▸ **Input data**:
※ ※ ※

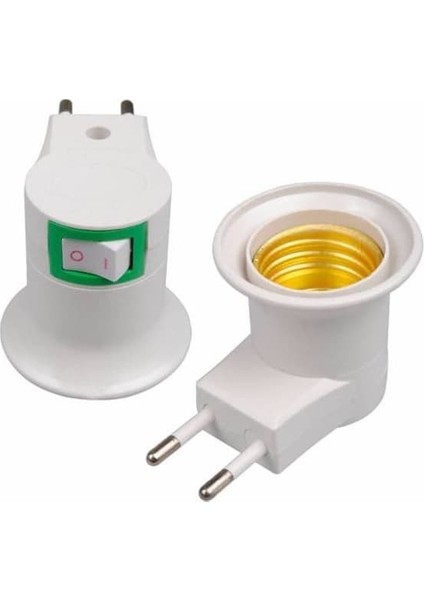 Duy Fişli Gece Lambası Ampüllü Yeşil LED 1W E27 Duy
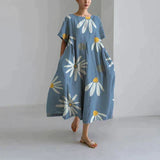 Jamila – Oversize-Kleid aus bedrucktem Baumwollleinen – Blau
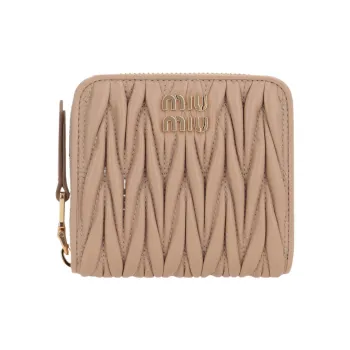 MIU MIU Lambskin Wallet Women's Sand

※ ※ ※

▸ **Requirement**: Working from the lines above, reproduce the material exactly and exclude its pictures.

▸ **Your response**:
 Duy Fişli Gece Lambası Ampüllü Yeşil LED 1W E27 Duy
 Jamila – Oversize-Kleid aus bedrucktem Baumwollleinen – Blau
 MIU MIU Lambskin Wallet Women's Sand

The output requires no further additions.